Freshly baked Becasse Bread: Pumpkin brioche, stout epi and garlic rosemary Auvergne
Olive oil spread with black sea salt

olive oil on a piece of stout epi
2008 Freeman Rondo rose
Spring Bay Scallop with organic radish stems, green chilli and balck pepper
Sping Bay mussels, abalone with braised periwinkles, bouillabaisse mousseline and sea urchin jelly
Roast rib of Gundooee organic grass fed wagyu beef with osso bucco of shin, broad bean puree, and crushed Bauer organic Dutch cream potatoes
accompanying wine
Sutton Grange Organic Farm Holy Goat la Luna with caper and raisin puree, baby beets and fresh almonds
Becasse deconstructed orange carrot cake
2007 Vinden Estate Botrytis Semillon
Slow Food Founder Carlo Petrini with a pathetic fan

Terre Madre

“We are in the midst of three major crisis: the crisis of finance, the crisis of food, the crisis of the environment including climate change, are all routed in the same causes. The globalized economy is based on fictions, it is based on greed, is failing us, is leading from crisis to crisis. Terra Madre invites us to return to the terra – earth, and madre – the earth as mother. All we have to do is once again remember how our mothers fed the world… It’s that generosity and abundance of sharing, of caring that we must rejuvenate.

We can, we are the future, let’s make it happen.”

Vandana Shiva
Slow Food International Vice President Opening Ceremony Terre Madre

On Tuesday night I attended my first meeting as the ‘Terre Madre’ organiser for the Sydney Slow Food Committee. The Slow Food movement is a non-profit, eco-gastronomic member-supported organization founded in 1989 by Italian Carlo Petrini. Its charter is to counteract fast food and fast life, the disappearance of local food traditions and people’s dwindling interest in the food they eat, where it comes from, how it tastes and how our food choices affect the rest of the world. Today, we have over 100,000 members in 132 countries.
Every two years thousand of farmers, producers and chefs from around the world meet in Torino, Italy for the Terre Madre (Mother Earth) conference to discuss the major themes of food production. Together they share and compare the diverse and complex issues that underlie what “high-quality food” means to them: issues of environmental resources and planetary equilibrium, and aspects of taste, worker dignity, and consumer safety.
The next Terre Madre will be held in Torino Italy in September 2010.

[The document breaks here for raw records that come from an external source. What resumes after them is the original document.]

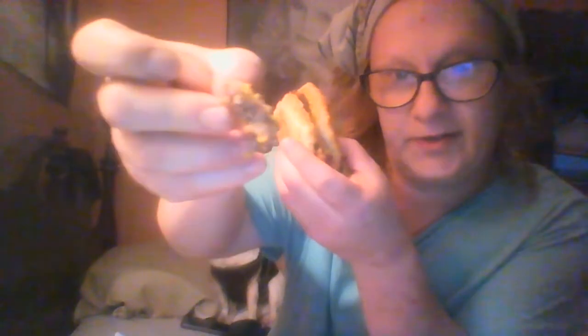Here it is — it's a good-sized sandwich available at your local Hardee's. I put mustard on it, as you can see. It's a nice big piece of country fried steak with batter on it. You can see the inside of the country fried steak biscuit.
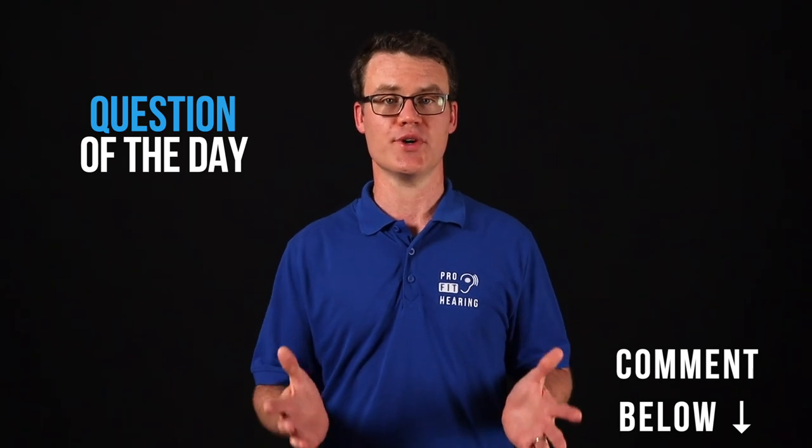Do you feel more comfortable reading your own audiogram? Was this video helpful? I'd love to know your thoughts so please comment below. Make sure to check out my other videos where I'll discuss the different types of hearing loss that can be identified on an audiogram — these include conductive, sensorineural, and mixed hearing loss. Your audiologist can advise you on specific treatment options for your hearing loss.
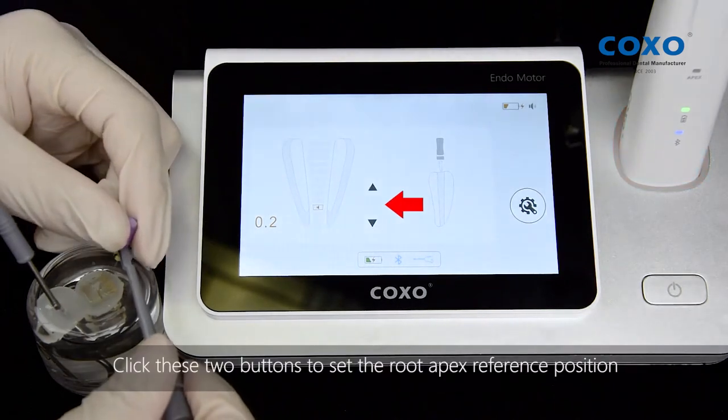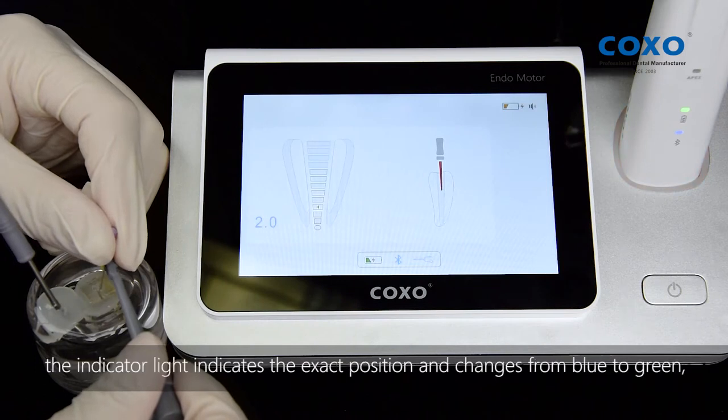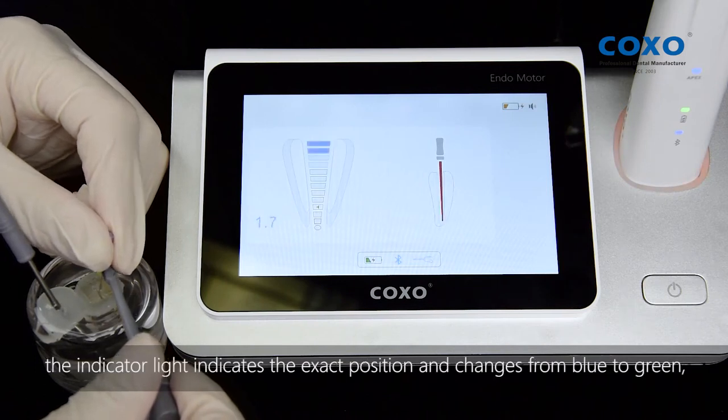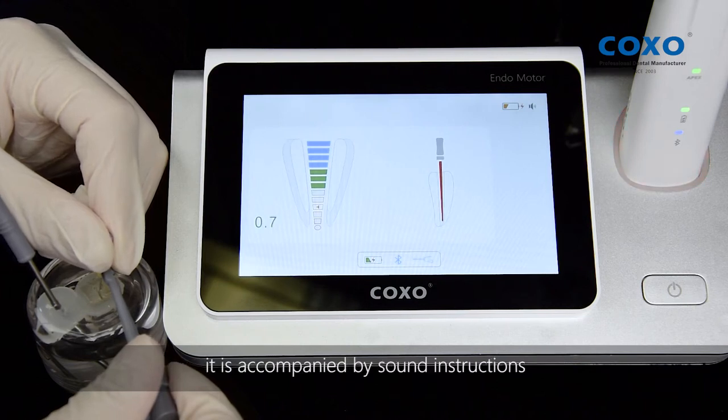Click these two buttons to set the root apex reference position. With the insertion of the file, the indicator light indicates the exact position and changes from blue to green, then to yellow dot. When the Nickel Titanium file moves, it is accompanied by sound instructions.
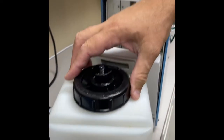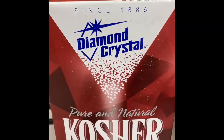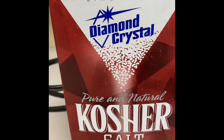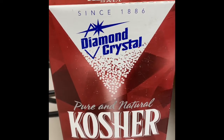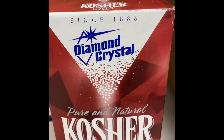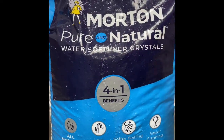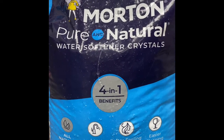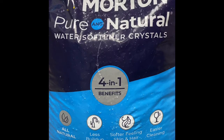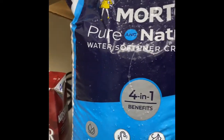Let me give you an idea of what kind of salt to use. You can use kosher salt, non-iodized — something you can pick up at a local grocery store, Sam's, or Costco — very easily available, maybe two or three dollars a box. Or you can use what we use now: Morton Pure Natural water softener crystals. This is a great salt to use, and you can buy it at Lowe's hardware stores or find it online as well.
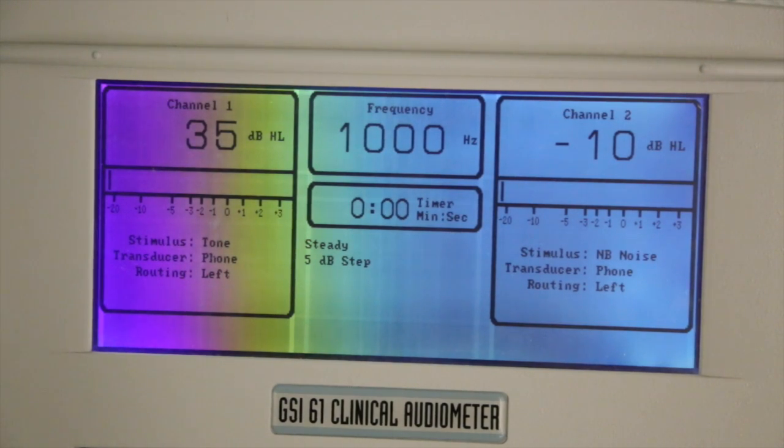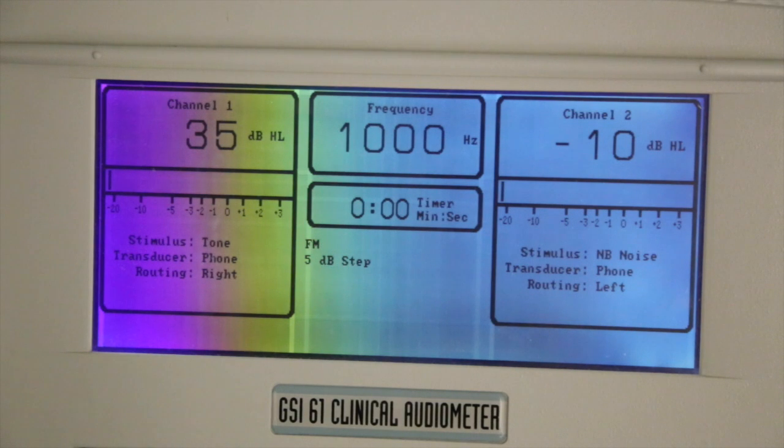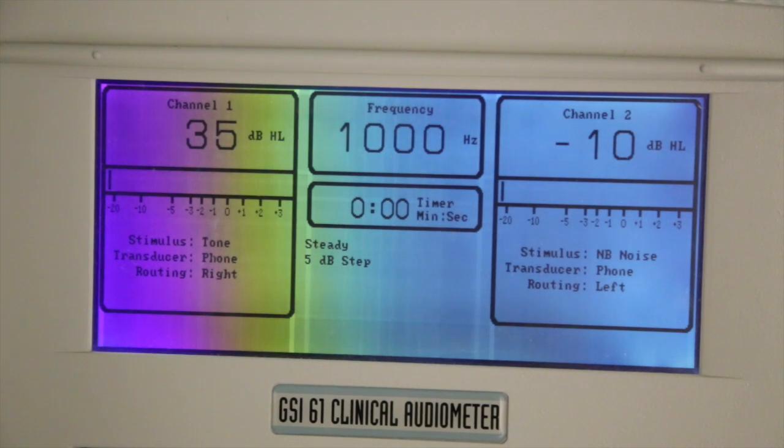When commencing a hearing screening, you would like to test the better ear or the right ear first. The test sound can either be a pure tone or a warble. The warble should be selected when testing children or clients with tinnitus. The length of presentation should be between 1 and 2 seconds. Start with a stimulus intensity of 30 decibels if hearing loss is not suspected, or 60 decibels if a hearing loss is suspected.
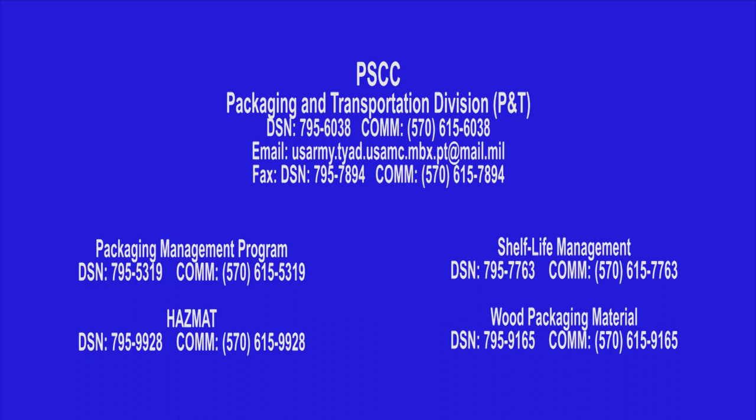Do you have a packaging, hazmat, shelf life, or WPM question? PSCC Packaging and Transportation Division wants to help. Give us a call or send us an email and let us know how we can assist you.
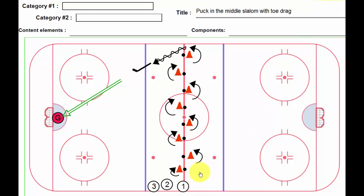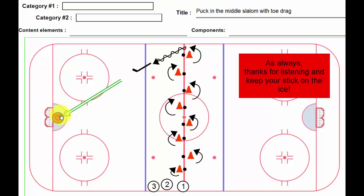If I have enough cones, I'd definitely run this both sides of center and get both goalies working. The other thing you could do is once this player has shot and gone in the corner and parked themselves, the next player — once they do their toe drag on the attack triangle — could do a stretch pass and then take a one-timer in the slot. Whatever you like, there's lots of variations. This one's called puck in the middle slalom with toe drag.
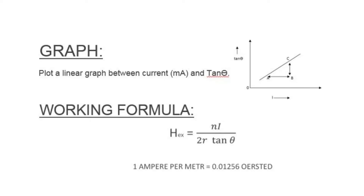You will make a graph between I and tan theta, and by putting the values of I and tan theta into the working formula, you will get the value of the horizontal component of Earth's magnetic field. The result will be found in amperes per meter, which we convert into oersteds, the common unit for Earth's horizontal magnetic field component.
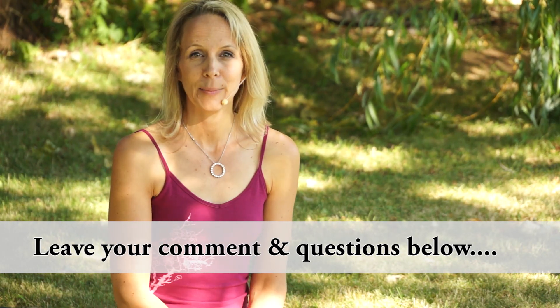So you can go ahead and give this meditation a try. Let me know how it goes — leave your comments below.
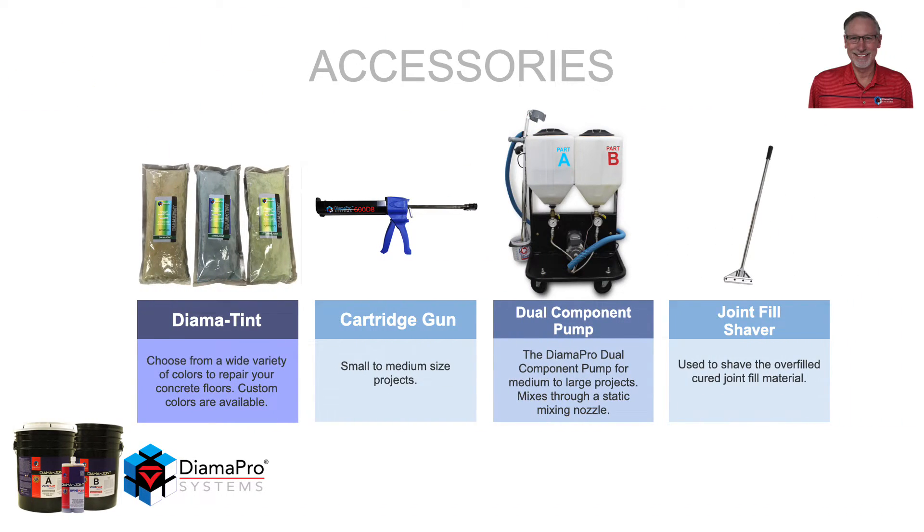Accessories needed for a successful installation: if you are using bulk material and want it tinted, DIMA tint is available in a wide variety of colors. If you are using cartridges, they come pre-tinted. A cartridge gun is required for cartridge use. For bulk, the DIMA Pro dual component pump is available for medium to large size jobs, and mixes through a similar static mixing nozzle. Once the joint is overfilled and cured, you will need to shave it from the surface using the Joint Fill Shaver.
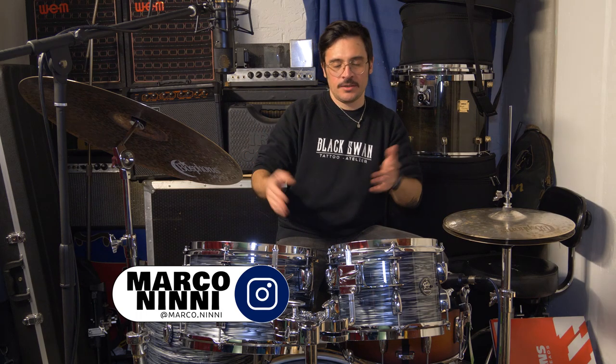Hello there and welcome back to DroneShack YouTube channel with me Marco, and today this beauty — the Gretsch Renown.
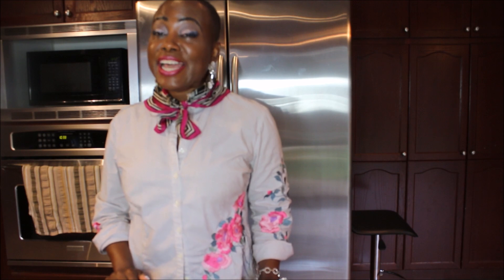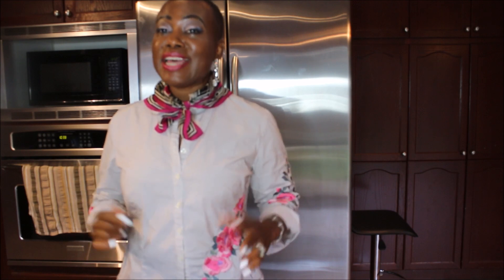Hello everyone, welcome back again. This is Katia Valino. On this channel we talk about lifestyle and beauty from inside out.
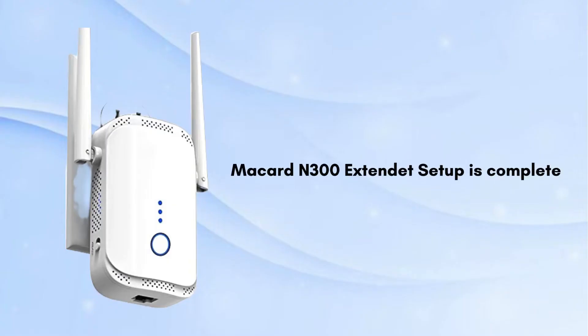By following this guide you can easily set up your McCard N300 extender. Now unplug the extender and move it to a location where it can effectively extend your Wi-Fi signal — typically halfway between your router and the area where you need better coverage.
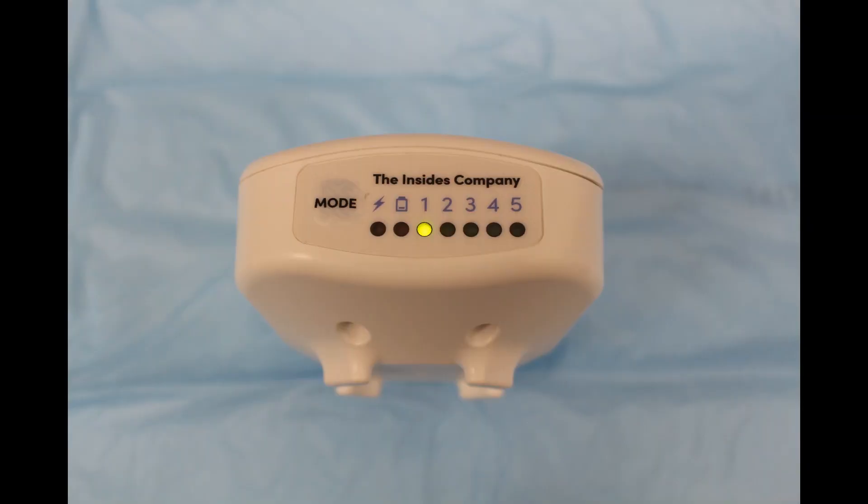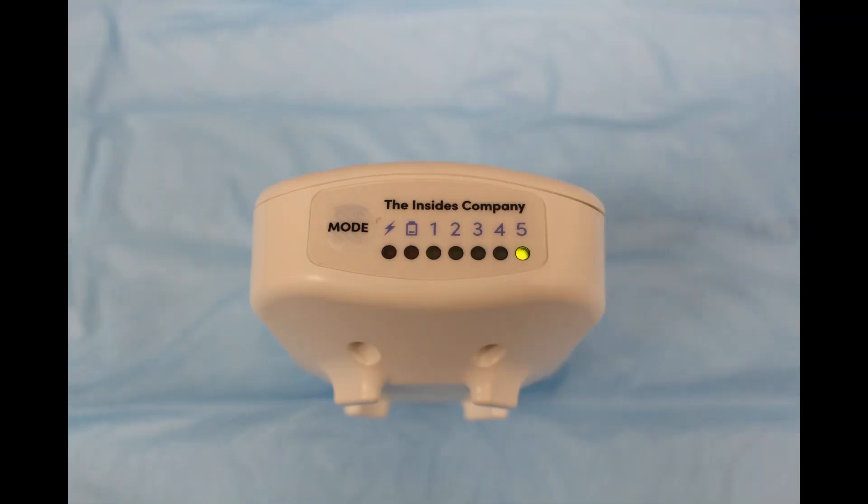The driver has five different speed settings which allows the user to manually adjust the rate of infusion. Mode 1 is the slowest and most useful for thin effluent content. Mode 5 is the fastest and most useful for thick effluent content.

Sydney is hoping to send 12 delegates to this prestigious gathering who represent the best of our food traditions. We’re looking for growers, farmers, cooks, chefs, young people, teachers, foodies who are passionate about slow food traditions and demonstrate that commitment in their day-to-day life.

We’ll keep you updated on our website. And while you’re there sign up as a member of Slow Food. You’ll get to attend some exclusive food events, meet some of the world’s leading chefs and food leaders and share your love of good food with others.It’ll be the best $100 you’ve ever spent! http://slowfoodsydney.com.au/

One of the greatest disciples of the Slow Food Movement is US chef and restaurateur Alice Waters who runs the famous Chez Panisse Restaurant and Cafe in Berkley California.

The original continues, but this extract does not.